More and more people use their mobile phones as a camera (or instead of one) as the quality of the images they produce has improved dramatically over the past few years. And according to a recent report by iSuppli, the low-end digital camera market is under great pressure from mobile phone manufacturers who release more better quality camera phones boasting, among other things, high resolution image sensors.
iSuppli forecasts that by 2013 the average mobile camera resolution will rise to 5.7 megapixels. Between 2008 and 2009 this resolution rose by 0.6 megapixels, from 1.5 to 2.1 Mp. Within the next three years compact digital cameras will be able to produce images which are, on average, up to 13.9 megapixels in size.
iSuppli reckons that with better image quality management tools mobile phone manufacturers might be able to persuade those who wouldn’t risk “a precious family photo” to ditch their compact cameras for better performing camera phones. It also predicts that Asian and European users will be more willing to make the jump.
It’s all fine and makes sense, but I’m surprised iSuppli in its report ignored one, crucial aspect of the whole issue: the ability to share your photos with the world instantly.
I guess this will be the real deciding factor here. Whether you’re at a gig, witnessing something newsworthy or just want to take a quick photo of something to share, you are probably less worried about the overall quality (which in most cases wouldn’t be that much better if you had a small compact camera on you anyway), but more about being able to share the image.

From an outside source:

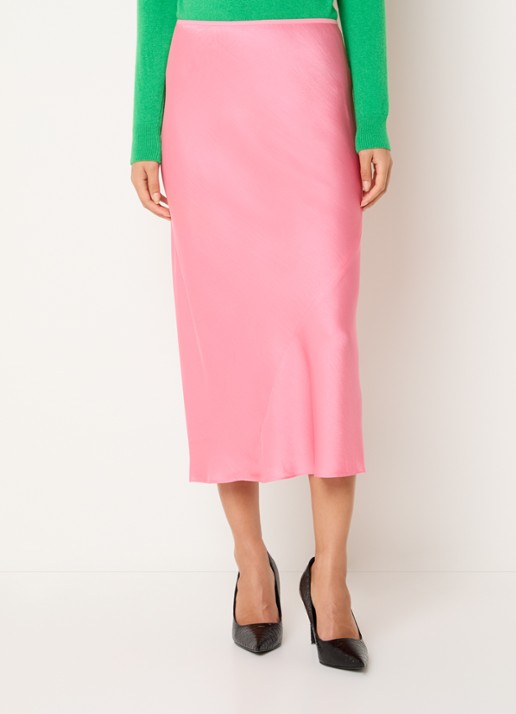 Essentiel Antwerp Krump midi rok van satijn - detail 4 roze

Mobile phones allow users to do MMS a picture, email it, share it instantly on Facebook, Twitter, other networking sites, upload to Flickr, Picasa, etc. Yes, in theory you could do the same with any camera and an Eye-Fi memory card, but your average Joe probably won’t bother with that. Plus most smartphones – and the iPhone in particular – have some great photo apps like the above mentioned Best Camera app.
So, yes, mobile phones are likely to put pressure and possibly even kill off lower-end cameras (if they haven’t already), but the number of pixels – even though it’s still used as a strong USP in marketing campaigns – will probably not be the most crucial of factors in the future.